The One with the Cuteness

Posted in Craking the code of the Intellectual One on October 31, 2008 by intellectualnisa

Okie i’ve had this weird dream where there was this person who keeps rescuing me out of distress and as much as i loved being rescued, i cant help but wonder why this person. This person who refused to be part of my life this person who doesnt get me, this person who broke my heart and is still doin that in ways i cant really explain. I mean come on…. Why this person why…

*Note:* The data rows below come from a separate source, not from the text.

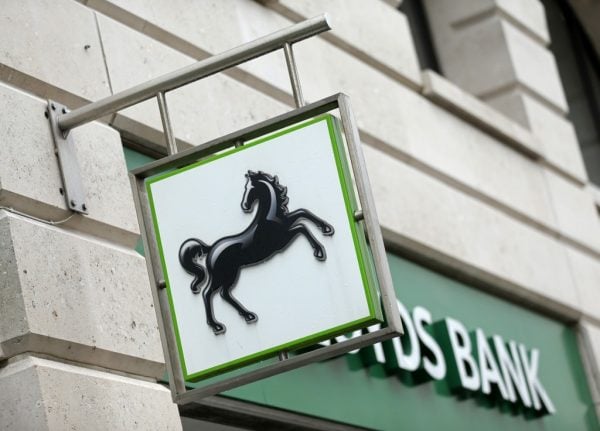 Brits in EU risk losing UK bank accounts ‘within weeks’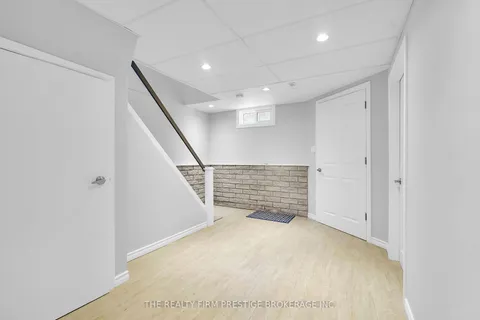 361 Griffith Street, ON N6K 2S1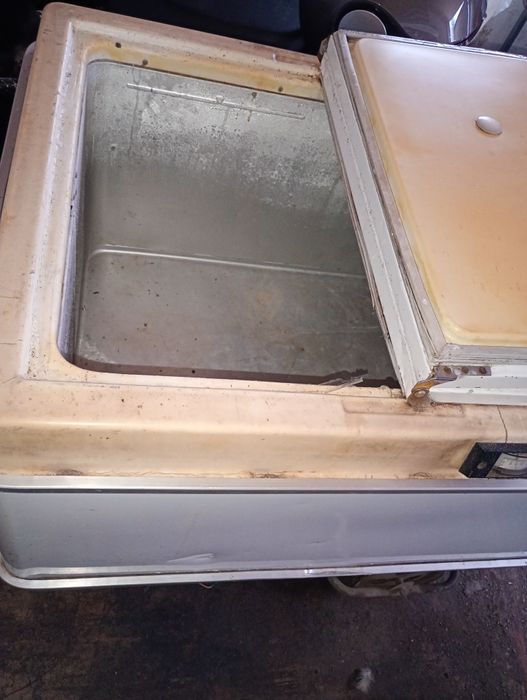 Продам морозильну камеру.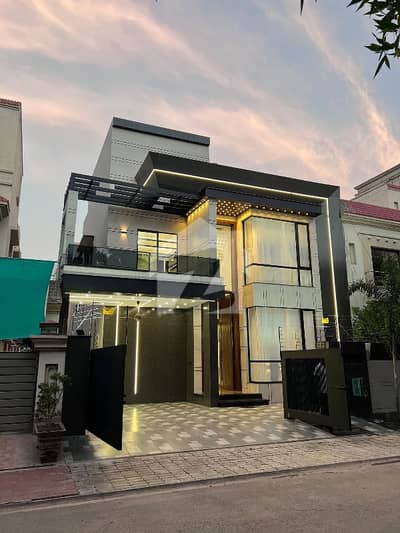9 Marla Brand New Modern House For sale 9 Marla Brand New Modern House For sale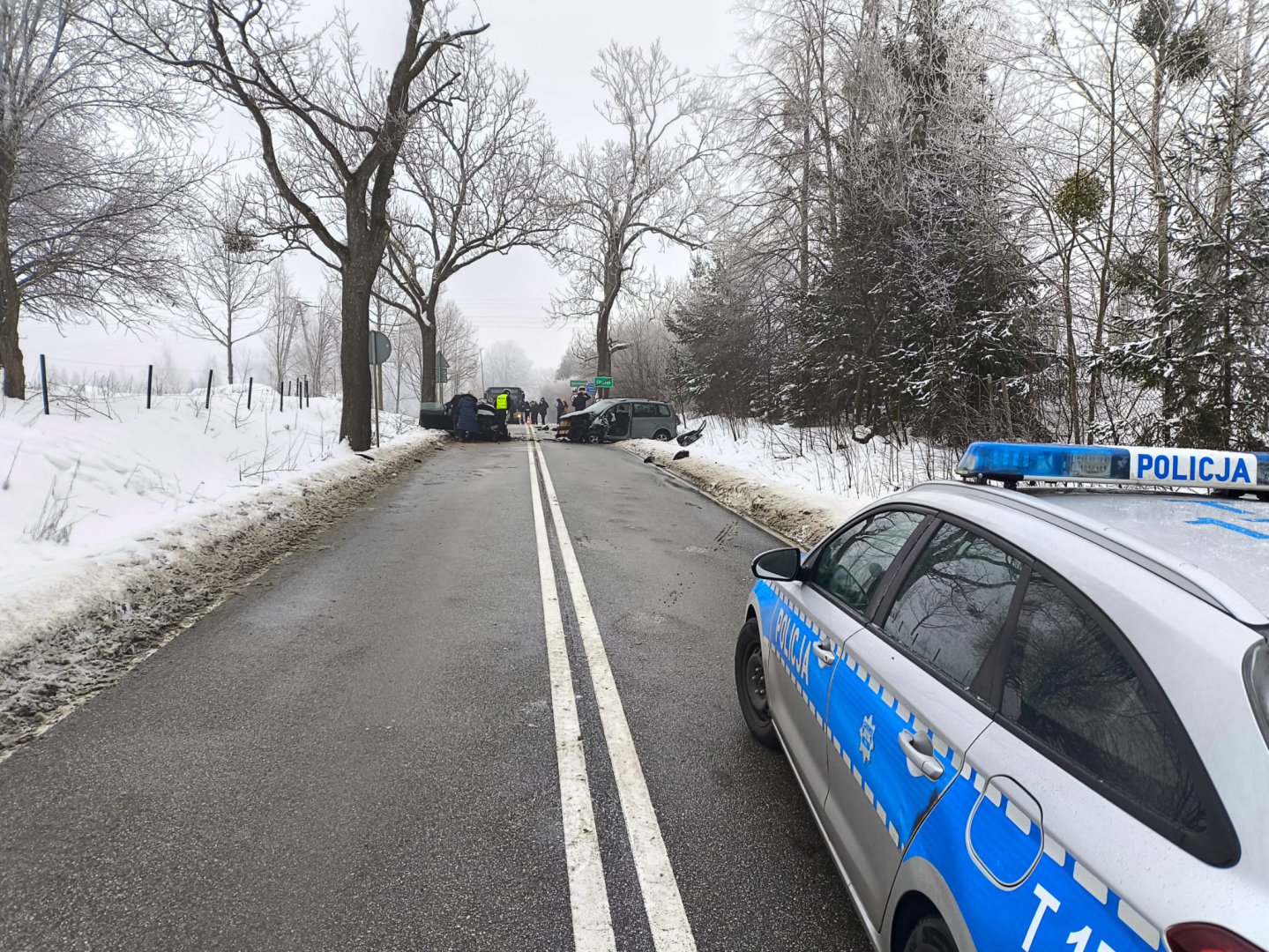 Czołówka na wyjeździe z Olsztyna. Droga będzie zablokowana przez kilka godzin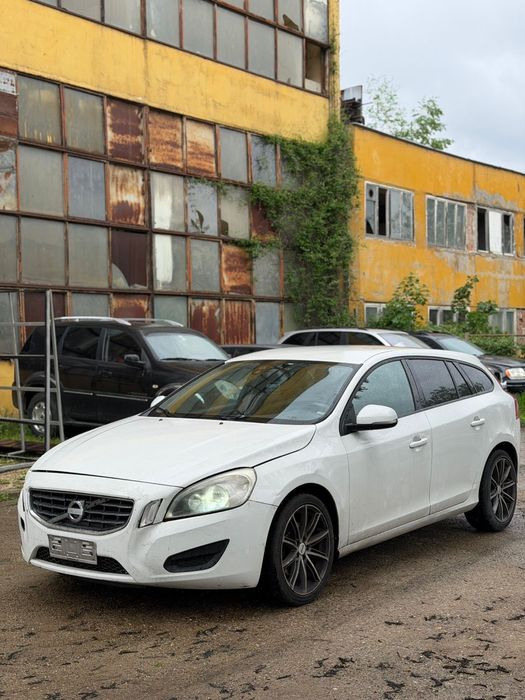 Volvo V60 Дизел 163кс На Части!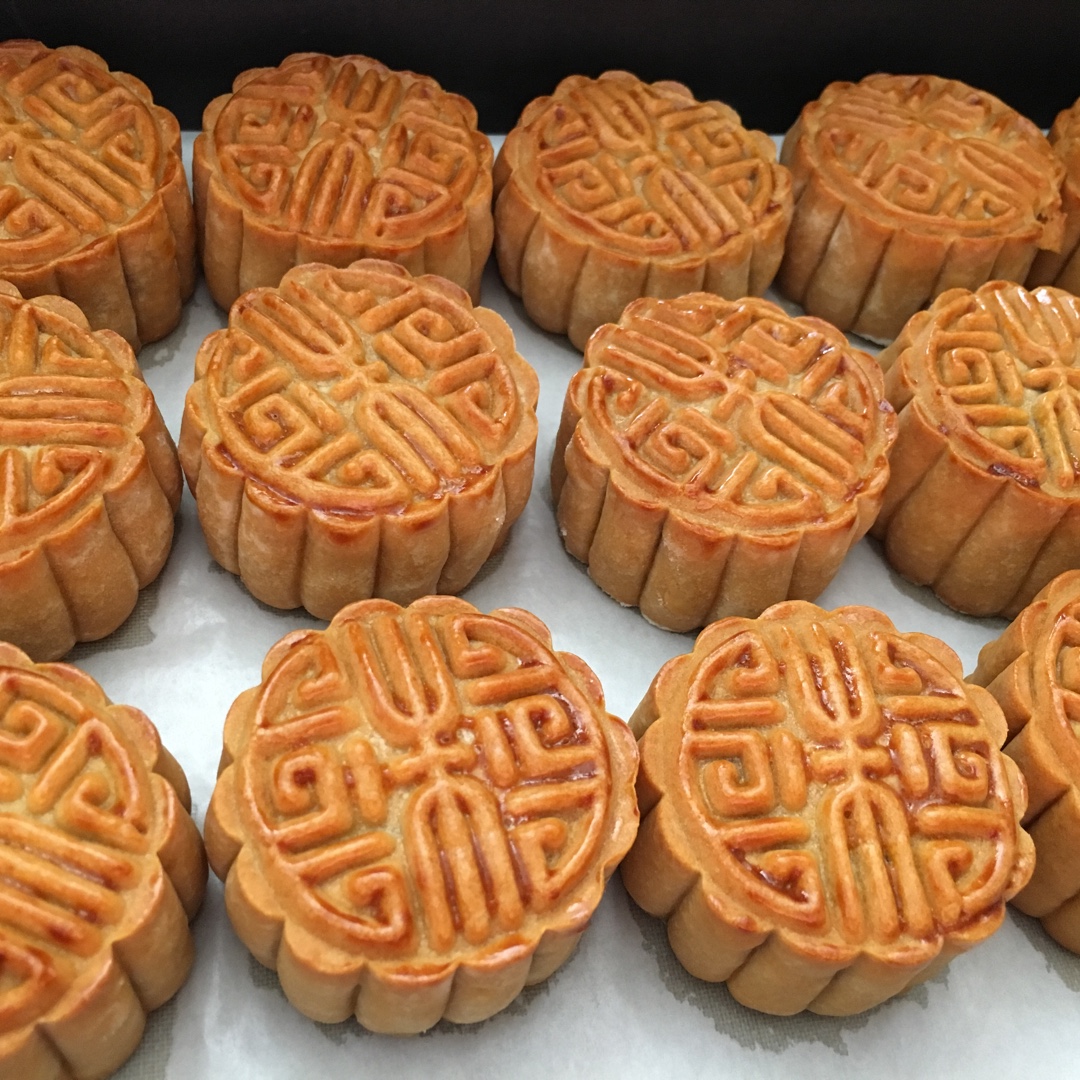 广式月饼—蛋黄莲蓉月饼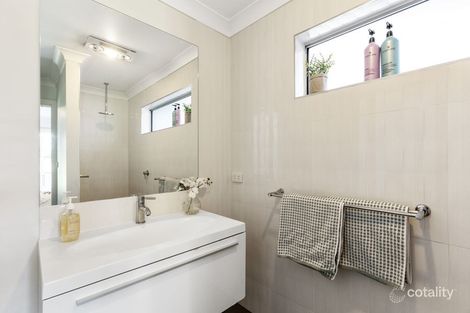 Property photo of 15 Kellerman Crescent Boorooma NSW 2650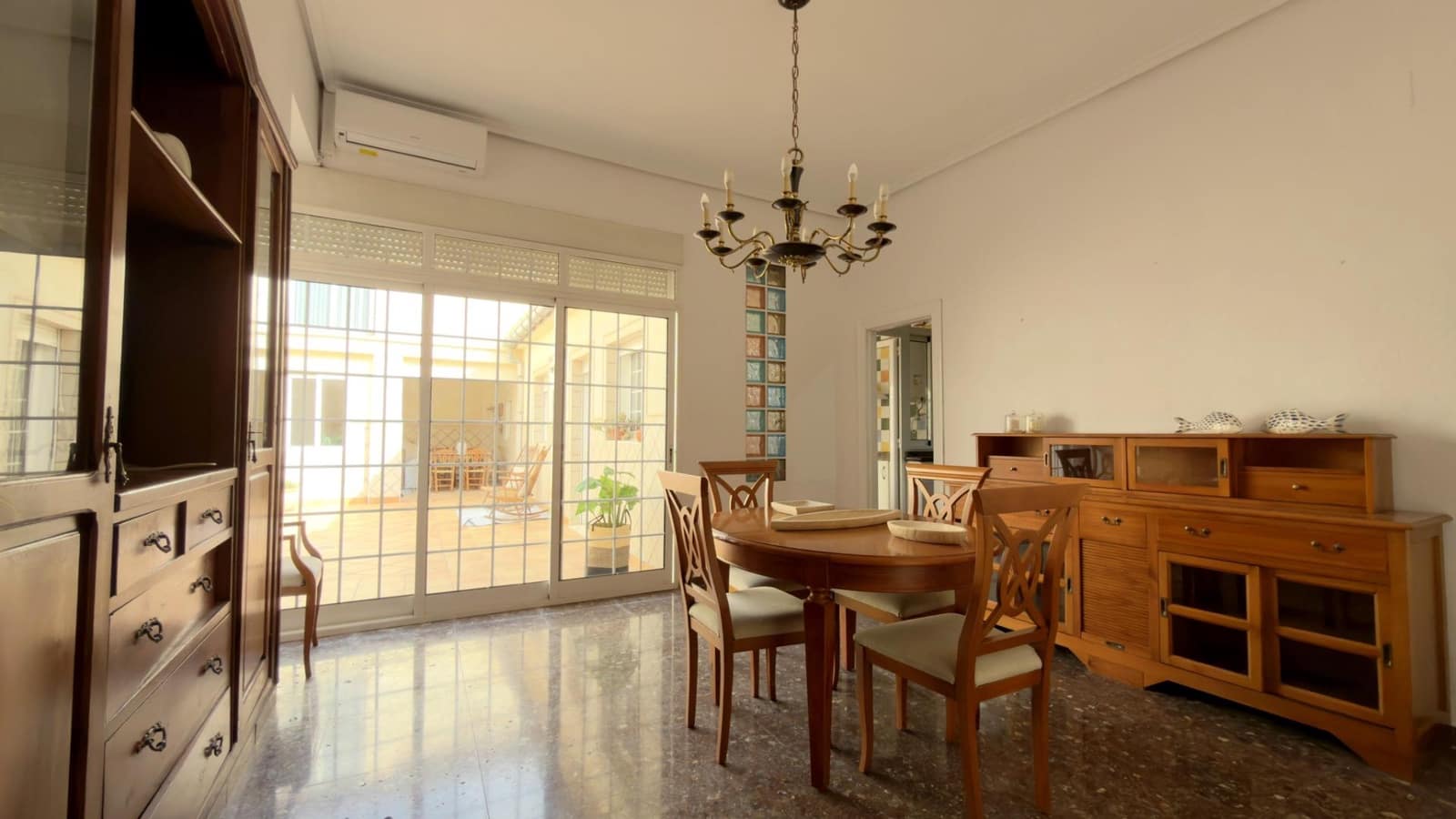 Chalet de 4 habitaciones en Puçol en alquiler con garaje - 1.600 € (Ref: 9652106)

Is god torturing me? Am i a subject of your ridicule god?  Why? i dun understand… And usually i dun get this over obsessed over interpreting a silly little dream.. But this one i just cant get over.. I dun understand… *waaaa waaaaaa waaaa*

I feel like  kid deprived of chocolate…( But why? why cant i have some chocolaty goodness?)

Anyway i should so be writing my essay now cause they’re due pretty soon but i have nothing, nothing so far… a 20 page blankness filled with nothing… AAAAAAAAHHH im so dead!

 

On other news i went out for lunch today and saw this cutesy little hamster thing and i so fell in love… man i love those little furballs they’re so cute! however hitler(mom) doesnt let me have em so im kinda feeling like a kid cause of that too… for god sakes im 24+++++ i can have pets right?

WRONG, she played the under my house rules card… Guess im screwed until i get a place of my own!

Ok ok i should be doing so much work and so far all i accomplished is writing down thins that im supposed to be doing and nothing else…. well the rest of my day was spent fbing (facebooking) and doodling… Shit i gotta be more productive..

oh crap i hear footsteps, i better pretend im werking… bye

The One with the Yummylicious Ass!

Posted in Craking the code of the Intellectual One with tags , , , , on October 31, 2008 by intellectualnisa

Oh well i meant to blog about this much sooner but i kinda just remembered it yesterday on my way home from my pedicure (yeah just thought i had to mention that since i cant stop staring at my new toes….).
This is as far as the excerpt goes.